The main task that runs ``app_main`` has a fixed RTOS priority (one higher than the minimum) and a :ref:`configurable stack size <CONFIG_ESP_MAIN_TASK_STACK_SIZE>`.
The main task core affinity is also configurable: :ref:`CONFIG_ESP_MAIN_TASK_AFFINITY`.
Unlike normal FreeRTOS tasks (or embedded C ``main`` functions), the ``app_main`` task is allowed to return. If this happens, The task is cleaned up and the system will continue running with other RTOS tasks scheduled normally. Therefore, it is possible to implement ``app_main`` as either a function that creates other application tasks and then returns, or as a main application task itself.
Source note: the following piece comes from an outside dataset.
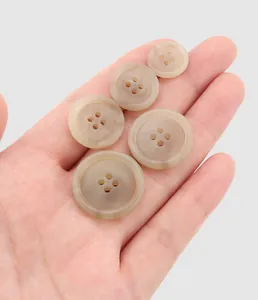 Vue détaillée de boutons en résine beige de différentes tailles tenus dans la main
A similar but simpler startup process happens on the APP CPU:
When running system initialization, the code on PRO CPU sets the entry point for APP CPU, de-asserts APP CPU reset, and waits for a global flag to be set by the code running on APP CPU, indicating that it has started. Once this is done, APP CPU jumps to ``call_start_cpu1`` function in :idf_file:`components/esp_system/port/cpu_start.c`.
While PRO CPU does initialization in ``start_cpu0`` function, APP CPU runs ``start_cpu_other_cores`` function. Similar to ``start_cpu0``, this function is weak-linked and defaults to the ``start_cpu_other_cores_default`` function but can be replaced with a different function by the application.
The ``start_cpu_other_cores_default`` function does some core-specific system initialization and then waits for the PRO CPU to start the FreeRTOS scheduler, at which point it executes ``esp_startup_start_app_other_cores`` which is another weak-linked function defaulting to ``esp_startup_start_app_other_cores_default``.
By default ``esp_startup_start_app_other_cores_default`` does nothing but spin in a busy-waiting loop until the scheduler of the PRO CPU triggers an interrupt to start the RTOS scheduler on the APP CPU.